Spaghetti with Beets, Walnuts, and Goat Cheese

3.00 avg. rating (65% score) - 3 votes

Spaghetti with Beets, Walnuts, and Goat Cheese

Adapted from Sara’s Secrets for Weeknight Meals (Broadway Books, 2005), by Sara Moulton

Total Time: 15
Yield: 6 servings


  • 1 pound spaghetti (or your favorite pasta shape)
  • 2 tablespoons extra-virgin olive oil
  • 1 large red onion, sliced (about 2 cups)
  • 2 garlic cloves, minced (about 2 teaspoons)
  • 2 pounds beets, peeled and grated
  • 10 ounces soft goat cheese (about 1-1/3 cups), crumbled
  • 3 tablespoons fresh lemon juice
  • Kosher or sea salt and freshly ground black pepper
  • 1/2 cup walnuts, toasted


Bring a large pot of salted water to a boil. Add spaghetti and cook until al dente, about 8 to 10 minutes. Drain, reserving 1 cup cooking liquid. Transfer spaghetti to a large bowl.

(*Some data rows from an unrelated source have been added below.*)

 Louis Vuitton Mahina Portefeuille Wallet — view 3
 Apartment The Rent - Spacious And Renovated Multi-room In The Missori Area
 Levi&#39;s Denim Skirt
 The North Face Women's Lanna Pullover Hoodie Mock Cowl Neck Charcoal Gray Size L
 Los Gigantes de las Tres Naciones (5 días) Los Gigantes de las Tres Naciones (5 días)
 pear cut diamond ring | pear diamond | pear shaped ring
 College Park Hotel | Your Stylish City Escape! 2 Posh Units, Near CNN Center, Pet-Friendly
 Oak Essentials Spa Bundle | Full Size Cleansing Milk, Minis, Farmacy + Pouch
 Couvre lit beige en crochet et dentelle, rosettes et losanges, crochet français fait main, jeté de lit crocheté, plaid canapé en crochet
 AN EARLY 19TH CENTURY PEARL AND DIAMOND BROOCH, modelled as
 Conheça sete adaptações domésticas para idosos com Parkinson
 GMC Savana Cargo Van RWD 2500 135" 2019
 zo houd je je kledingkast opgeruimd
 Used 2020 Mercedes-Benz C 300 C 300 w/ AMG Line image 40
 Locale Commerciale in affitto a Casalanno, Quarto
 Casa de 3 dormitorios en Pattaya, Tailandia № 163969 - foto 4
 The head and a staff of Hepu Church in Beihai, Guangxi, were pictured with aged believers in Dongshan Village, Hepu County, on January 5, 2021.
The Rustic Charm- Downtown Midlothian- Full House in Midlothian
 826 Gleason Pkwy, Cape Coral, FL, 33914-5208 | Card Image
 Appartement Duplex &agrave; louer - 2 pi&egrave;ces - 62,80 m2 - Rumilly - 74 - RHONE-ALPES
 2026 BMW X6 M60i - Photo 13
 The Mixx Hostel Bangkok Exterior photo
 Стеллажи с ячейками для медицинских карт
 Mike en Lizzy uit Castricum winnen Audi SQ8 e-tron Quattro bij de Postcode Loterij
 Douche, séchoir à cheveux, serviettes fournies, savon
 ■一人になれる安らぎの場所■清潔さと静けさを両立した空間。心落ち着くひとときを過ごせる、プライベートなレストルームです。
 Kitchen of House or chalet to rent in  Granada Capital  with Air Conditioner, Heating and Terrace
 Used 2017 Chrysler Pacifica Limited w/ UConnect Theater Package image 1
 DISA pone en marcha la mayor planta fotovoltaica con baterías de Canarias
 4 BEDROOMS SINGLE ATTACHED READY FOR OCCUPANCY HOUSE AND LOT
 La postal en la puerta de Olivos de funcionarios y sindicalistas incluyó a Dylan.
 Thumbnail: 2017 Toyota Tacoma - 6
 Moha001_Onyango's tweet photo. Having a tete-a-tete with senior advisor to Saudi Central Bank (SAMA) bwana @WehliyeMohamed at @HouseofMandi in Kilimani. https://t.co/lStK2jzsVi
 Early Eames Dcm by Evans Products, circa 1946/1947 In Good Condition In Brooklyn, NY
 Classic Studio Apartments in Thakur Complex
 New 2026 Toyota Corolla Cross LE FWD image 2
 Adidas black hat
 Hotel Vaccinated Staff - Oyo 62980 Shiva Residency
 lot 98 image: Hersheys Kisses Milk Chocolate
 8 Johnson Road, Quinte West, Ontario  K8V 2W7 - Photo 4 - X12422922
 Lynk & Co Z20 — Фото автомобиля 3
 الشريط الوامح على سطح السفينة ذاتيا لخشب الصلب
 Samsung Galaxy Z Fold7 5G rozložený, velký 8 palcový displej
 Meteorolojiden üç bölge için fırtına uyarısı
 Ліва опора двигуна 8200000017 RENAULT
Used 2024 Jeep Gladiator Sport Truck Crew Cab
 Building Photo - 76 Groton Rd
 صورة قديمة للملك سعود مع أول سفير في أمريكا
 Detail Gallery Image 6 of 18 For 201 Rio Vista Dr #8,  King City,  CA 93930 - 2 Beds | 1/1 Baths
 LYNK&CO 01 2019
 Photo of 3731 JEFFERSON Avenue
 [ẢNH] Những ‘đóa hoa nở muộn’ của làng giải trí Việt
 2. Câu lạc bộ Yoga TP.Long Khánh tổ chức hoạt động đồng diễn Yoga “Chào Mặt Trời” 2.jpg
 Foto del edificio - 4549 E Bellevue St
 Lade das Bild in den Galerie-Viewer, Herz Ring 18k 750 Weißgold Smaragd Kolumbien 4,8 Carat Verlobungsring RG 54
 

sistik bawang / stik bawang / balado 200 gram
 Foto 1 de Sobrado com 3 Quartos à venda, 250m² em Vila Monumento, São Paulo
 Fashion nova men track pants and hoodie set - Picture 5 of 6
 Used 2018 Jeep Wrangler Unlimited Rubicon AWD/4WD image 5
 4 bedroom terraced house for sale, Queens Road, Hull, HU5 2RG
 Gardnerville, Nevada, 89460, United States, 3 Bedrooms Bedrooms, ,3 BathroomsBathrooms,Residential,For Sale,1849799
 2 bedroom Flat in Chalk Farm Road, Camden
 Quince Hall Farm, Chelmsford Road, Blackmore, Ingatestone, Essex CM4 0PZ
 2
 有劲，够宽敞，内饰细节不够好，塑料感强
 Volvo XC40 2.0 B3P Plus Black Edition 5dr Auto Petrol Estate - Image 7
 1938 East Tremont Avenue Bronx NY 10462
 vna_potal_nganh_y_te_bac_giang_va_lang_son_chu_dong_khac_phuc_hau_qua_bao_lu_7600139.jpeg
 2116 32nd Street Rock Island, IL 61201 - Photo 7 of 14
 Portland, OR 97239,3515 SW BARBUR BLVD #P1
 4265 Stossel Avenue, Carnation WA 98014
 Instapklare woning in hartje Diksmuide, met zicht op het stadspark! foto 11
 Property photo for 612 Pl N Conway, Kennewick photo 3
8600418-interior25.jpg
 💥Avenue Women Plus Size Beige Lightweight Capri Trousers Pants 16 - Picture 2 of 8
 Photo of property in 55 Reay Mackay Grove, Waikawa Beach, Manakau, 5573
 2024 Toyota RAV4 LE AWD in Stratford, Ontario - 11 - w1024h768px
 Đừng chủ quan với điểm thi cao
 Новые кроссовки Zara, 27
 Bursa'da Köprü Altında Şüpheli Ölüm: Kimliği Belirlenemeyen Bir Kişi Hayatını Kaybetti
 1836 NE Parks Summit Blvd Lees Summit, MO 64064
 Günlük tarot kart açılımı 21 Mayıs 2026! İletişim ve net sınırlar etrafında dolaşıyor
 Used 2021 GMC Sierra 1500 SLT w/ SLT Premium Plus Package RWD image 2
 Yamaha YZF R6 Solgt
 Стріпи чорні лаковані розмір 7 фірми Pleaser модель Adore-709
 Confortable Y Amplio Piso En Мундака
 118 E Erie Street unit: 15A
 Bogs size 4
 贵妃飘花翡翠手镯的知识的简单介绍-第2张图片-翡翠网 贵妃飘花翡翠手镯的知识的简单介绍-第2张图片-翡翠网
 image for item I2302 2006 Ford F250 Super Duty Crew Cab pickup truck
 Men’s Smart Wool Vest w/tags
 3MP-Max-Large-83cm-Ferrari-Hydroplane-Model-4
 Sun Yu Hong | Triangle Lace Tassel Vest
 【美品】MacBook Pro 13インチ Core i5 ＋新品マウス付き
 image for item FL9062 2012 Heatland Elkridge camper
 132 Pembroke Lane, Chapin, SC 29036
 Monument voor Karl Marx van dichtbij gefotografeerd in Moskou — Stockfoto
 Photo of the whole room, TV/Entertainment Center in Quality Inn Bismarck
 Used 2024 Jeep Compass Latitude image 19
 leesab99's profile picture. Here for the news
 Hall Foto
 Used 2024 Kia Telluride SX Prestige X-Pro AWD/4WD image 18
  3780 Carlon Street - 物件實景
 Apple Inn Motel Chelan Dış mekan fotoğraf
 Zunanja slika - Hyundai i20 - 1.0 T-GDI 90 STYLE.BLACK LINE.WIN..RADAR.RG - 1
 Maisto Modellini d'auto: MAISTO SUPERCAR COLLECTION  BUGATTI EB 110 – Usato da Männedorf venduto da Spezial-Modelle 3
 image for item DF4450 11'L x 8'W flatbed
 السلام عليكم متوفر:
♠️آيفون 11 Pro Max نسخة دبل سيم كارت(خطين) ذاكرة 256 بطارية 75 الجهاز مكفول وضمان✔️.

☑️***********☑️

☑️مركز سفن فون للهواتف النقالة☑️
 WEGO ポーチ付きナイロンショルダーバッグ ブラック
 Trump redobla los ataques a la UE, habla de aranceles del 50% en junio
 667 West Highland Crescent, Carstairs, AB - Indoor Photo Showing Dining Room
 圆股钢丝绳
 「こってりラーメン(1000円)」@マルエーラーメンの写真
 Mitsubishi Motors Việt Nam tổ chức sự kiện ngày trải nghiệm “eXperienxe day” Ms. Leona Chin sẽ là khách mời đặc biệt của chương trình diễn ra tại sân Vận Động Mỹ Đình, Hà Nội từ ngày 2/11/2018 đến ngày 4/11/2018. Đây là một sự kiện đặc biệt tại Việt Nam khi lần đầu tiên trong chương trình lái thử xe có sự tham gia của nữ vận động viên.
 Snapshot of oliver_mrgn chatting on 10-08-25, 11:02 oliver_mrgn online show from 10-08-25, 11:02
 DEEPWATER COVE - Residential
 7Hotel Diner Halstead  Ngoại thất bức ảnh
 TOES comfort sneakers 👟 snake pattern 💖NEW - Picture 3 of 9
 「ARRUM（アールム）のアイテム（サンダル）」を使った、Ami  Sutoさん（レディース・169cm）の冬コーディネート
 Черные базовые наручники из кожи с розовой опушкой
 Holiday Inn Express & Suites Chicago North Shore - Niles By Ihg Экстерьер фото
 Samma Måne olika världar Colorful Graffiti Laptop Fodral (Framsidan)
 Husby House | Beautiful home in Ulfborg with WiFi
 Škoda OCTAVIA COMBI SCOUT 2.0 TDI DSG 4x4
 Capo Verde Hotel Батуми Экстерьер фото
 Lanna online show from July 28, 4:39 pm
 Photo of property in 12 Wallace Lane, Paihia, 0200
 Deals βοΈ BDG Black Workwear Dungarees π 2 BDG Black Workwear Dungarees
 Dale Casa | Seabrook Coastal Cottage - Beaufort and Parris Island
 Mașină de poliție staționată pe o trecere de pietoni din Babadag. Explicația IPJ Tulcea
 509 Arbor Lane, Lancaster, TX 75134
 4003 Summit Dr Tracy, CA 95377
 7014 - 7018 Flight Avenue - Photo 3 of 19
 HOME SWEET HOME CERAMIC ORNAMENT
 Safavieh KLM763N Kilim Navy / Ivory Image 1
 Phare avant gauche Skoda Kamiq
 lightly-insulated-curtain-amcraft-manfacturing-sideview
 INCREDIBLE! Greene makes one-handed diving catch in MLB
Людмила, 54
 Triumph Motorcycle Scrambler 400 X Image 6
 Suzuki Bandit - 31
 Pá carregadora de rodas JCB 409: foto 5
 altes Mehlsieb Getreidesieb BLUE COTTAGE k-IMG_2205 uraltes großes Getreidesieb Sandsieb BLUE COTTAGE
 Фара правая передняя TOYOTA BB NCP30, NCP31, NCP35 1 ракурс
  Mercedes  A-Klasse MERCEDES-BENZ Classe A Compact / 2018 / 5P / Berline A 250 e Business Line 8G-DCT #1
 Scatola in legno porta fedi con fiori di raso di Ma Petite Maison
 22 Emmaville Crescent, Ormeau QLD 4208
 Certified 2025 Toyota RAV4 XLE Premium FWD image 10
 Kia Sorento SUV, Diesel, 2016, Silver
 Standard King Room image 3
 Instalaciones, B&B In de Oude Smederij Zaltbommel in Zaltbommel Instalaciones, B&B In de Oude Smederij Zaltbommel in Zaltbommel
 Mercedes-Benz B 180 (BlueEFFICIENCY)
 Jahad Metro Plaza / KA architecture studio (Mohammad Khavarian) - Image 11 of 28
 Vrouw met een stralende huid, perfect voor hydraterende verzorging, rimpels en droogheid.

In a medium-size saute pan over medium heat, add oil and cook onion and garlic until softened, about 5 minutes. Add beets and cook another 8 minutes, until softened. Add reserved cooking liquid and goat cheese; cook, stirring, until cheese softens into a sauce. Add lemon juice; then add salt and pepper to taste.

Add sauce to spaghetti and toss well. Divide among 6 bowls and top each serving with toasted walnuts.
  • I left the walnuts out and serve this with chopped grilled lamb. Love it. Don’t be shy on the goat cheese . I save some of the grated raw beets for salads and sandwiches.

  • Anonymous

    I never make a recipe exactly as it’s given, so I chopped up the beet tops also and added them in at the end. I used a thicker pasta (rotini or penne), and have also used rice.

  • This dish has little to recommend it. The flavor is flat and the texture somewhat grainy. The ruby red color is intriguing but may be a real turnoff to non-adventurous types.